The legislation would require the city’s police officers to identify themselves when stopping someone, and to inform people they have a right to refuse a search if the officer does not have probable cause. Both pieces of legislation that make up the act have enough sponsors to pass, but have languished for nearly a year since the council held hearings on them.
The stagnancy probably has something to do with Police Commissioner Bill Bratton’s outspoken opposition to the act, Mayor Bill de Blasio’s “concerns” about it, and Ms. Mark-Viverito’s reluctance to take a position on the bill.
But while Ms. Mark-Viverito hasn’t backed the bill, the coalition of women and girls whose recommendations she touted on the steps of City Hall today—and which she plans to back with $20 million in city and privately donated money—seems sold on the reforms outlined in the legislation.
The report from the initiative recommends “requiring the NYPD to promote communication, transparency and accountability in everyday interactions between the NYPD and the public, including by mandating officer identification and ensuring all noncustodial searches not supported by any other legal basis are objectively documented to be based on voluntary and informed consent.”
The document also devotes several paragraphs to a task force on police relations convened by President Barack Obama, which also recommended that police officers identify themselves, provide a reason for stopping someone, and secure proof of “informed and voluntary consent” for searches where the officer doesn’t have probable cause.
But Councilman Ritchie Torres, one of the authors of the act that would bring those reforms to the local level, didn’t seem optimistic that the group’s support would change the outlook for the legislation.

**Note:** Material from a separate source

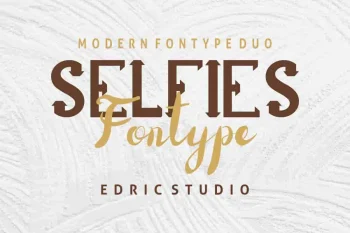 Selfies Modern Style Font Duo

While the principles of the legislation now “have the imprimatur of an official council document,” he said, passing the act will “remain an uphill battle.”

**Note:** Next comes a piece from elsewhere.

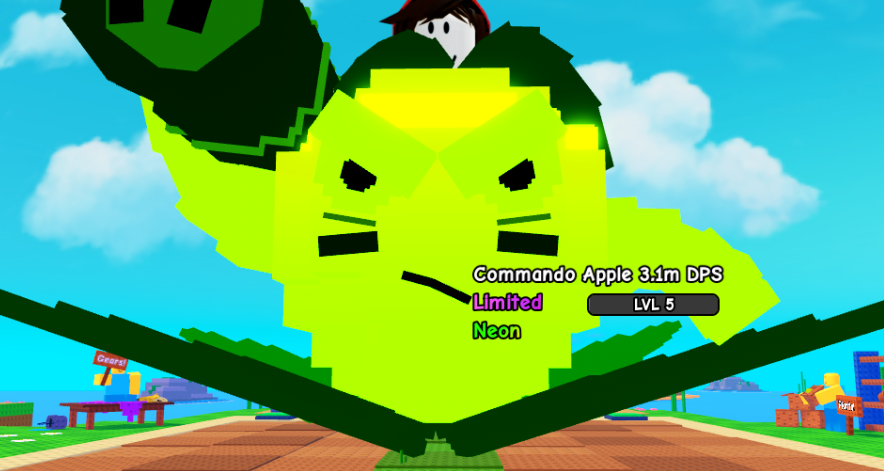 Neon Commando Apple (3M+ DPS) – Plants Vs Brainrots  FAST DELIVERY & TRUSTED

“The struggle for the Right to Know Act is more of a marathon than a sprint, and that reality remains fundamentally unchanged,” Mr. Torres, who represents parts of Central Bronx, said in a phone interview. “I suspect that the principles of the Right to Know Act, the merits apart from the politics, command broader support. The politics are complicated.”
Asked why he thought the politics were so complicated, Mr. Torres pointed to pressure on council members not to regulate the NYPD.
“There’s an unstated rule against legislating over the NYPD, especially to the extent that the Right to Know Act proposes,” Mr. Torres said. “There’s an unstated acknowledgment that the NYPD has a special status that exempts it from lawmaking of the City Council.”
Advocacy groups have stepped up efforts to boost the bill, including a rally outside City Hall last month. Monifa Bandele, a spokeswoman for Communities United for Police Reform, put out a statement today lauding the inclusion of the act’s policies in the Young Women’s Initiative.
“Speaker Mark-Viverito’s recognition that solutions exist amongst communities and those directly impacted by policies is critical, and we hope to see leadership from city government committed to action that follows such an important reality,” Ms. Bandele said.
Mr. Torres said he believed “an outside game” pushing for the passage of the legislation can make a difference, but said he thought the bill would remain stuck without “momentum from spontaneous forces.”
“Part of it is the movement of the bill can be driven by forces beyond your control, right? By spontaneous forces,” he said. “So unless there is an event that can give newfound momentum to the Right to Know Act, you know, the dynamics remain unchanged.”
A spokeswoman for the speaker said the council “will be reviewing and considering all of the recommendations that have come out of the YWI process, including those related to criminal justice reform.”